BEGIN

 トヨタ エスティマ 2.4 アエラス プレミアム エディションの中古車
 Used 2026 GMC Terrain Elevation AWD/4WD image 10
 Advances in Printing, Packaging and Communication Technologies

END
BEGIN

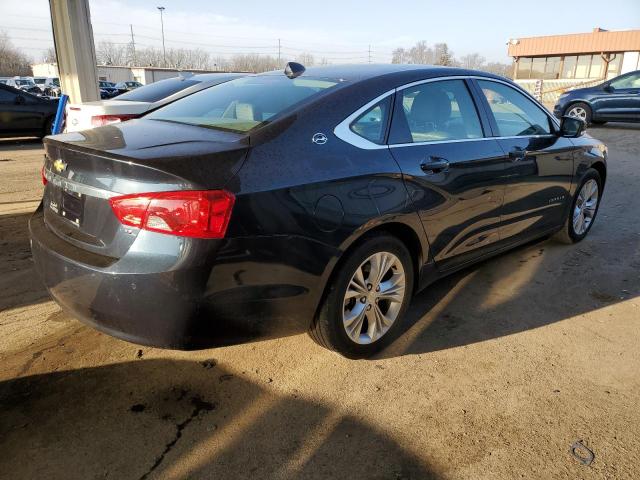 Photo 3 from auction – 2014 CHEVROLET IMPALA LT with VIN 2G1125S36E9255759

END
BEGIN

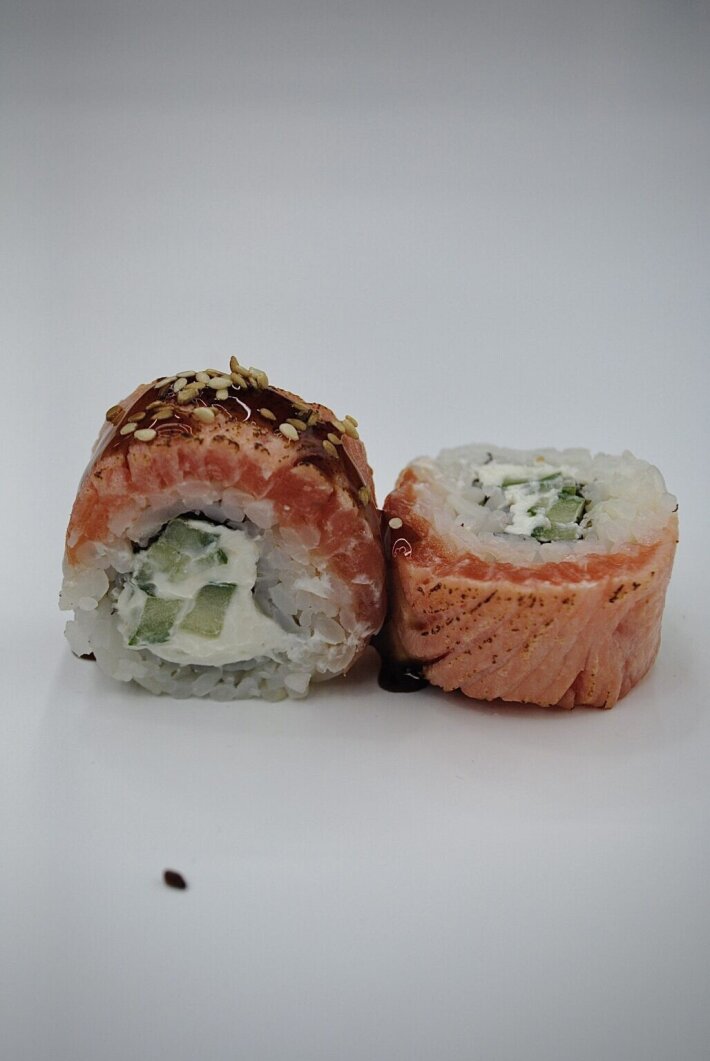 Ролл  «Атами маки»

END

Exercise:
Both the line containing "トヨタ エスティマ 2.4 アエラス プレミアム エディションの中古車" and the line containing "Advances in Printing, Packaging" belong in the answer. Print them and every line above that falls between them exactly, and no others.

Exercise response:
 トヨタ エスティマ 2.4 アエラス プレミアム エディションの中古車
 Used 2026 GMC Terrain Elevation AWD/4WD image 10
 Advances in Printing, Packaging and Communication Technologies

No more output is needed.